**Given information:**
%%

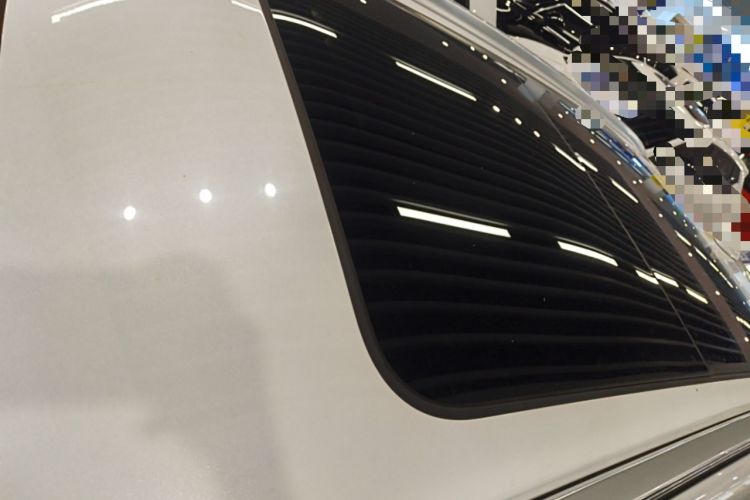 Used Haval H6 2020 2.0 GDIT Automatic Platinum Champion Edition Roof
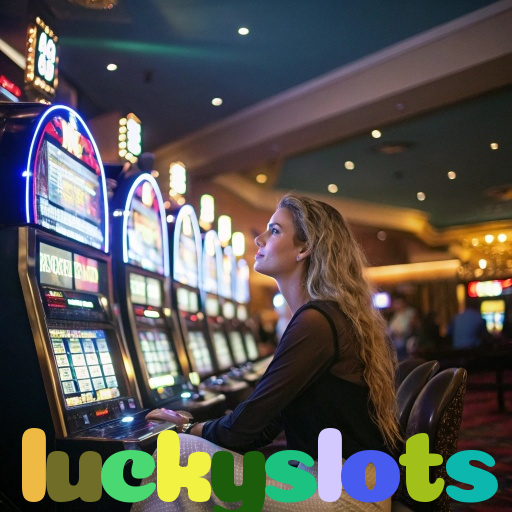 A Magia dos Jogos de Fantasia na luckyslots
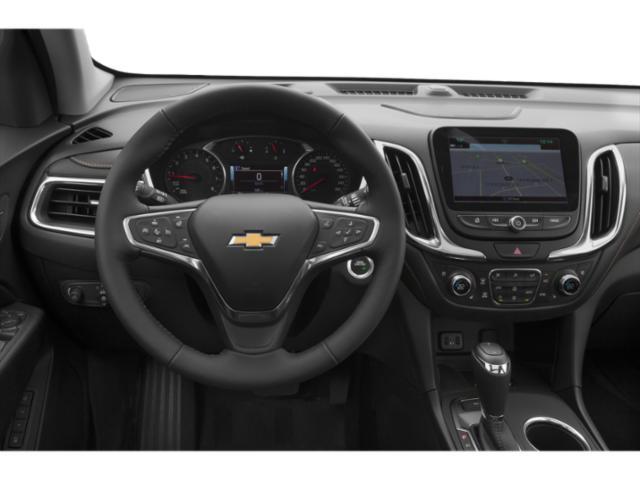 new 2019 Chevrolet Equinox car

%%

**Work instruction:** When you copy the data above, reproduce each line exactly and skip every image.

**Result of the exercise:**
 Used Haval H6 2020 2.0 GDIT Automatic Platinum Champion Edition Roof
 A Magia dos Jogos de Fantasia na luckyslots
 new 2019 Chevrolet Equinox car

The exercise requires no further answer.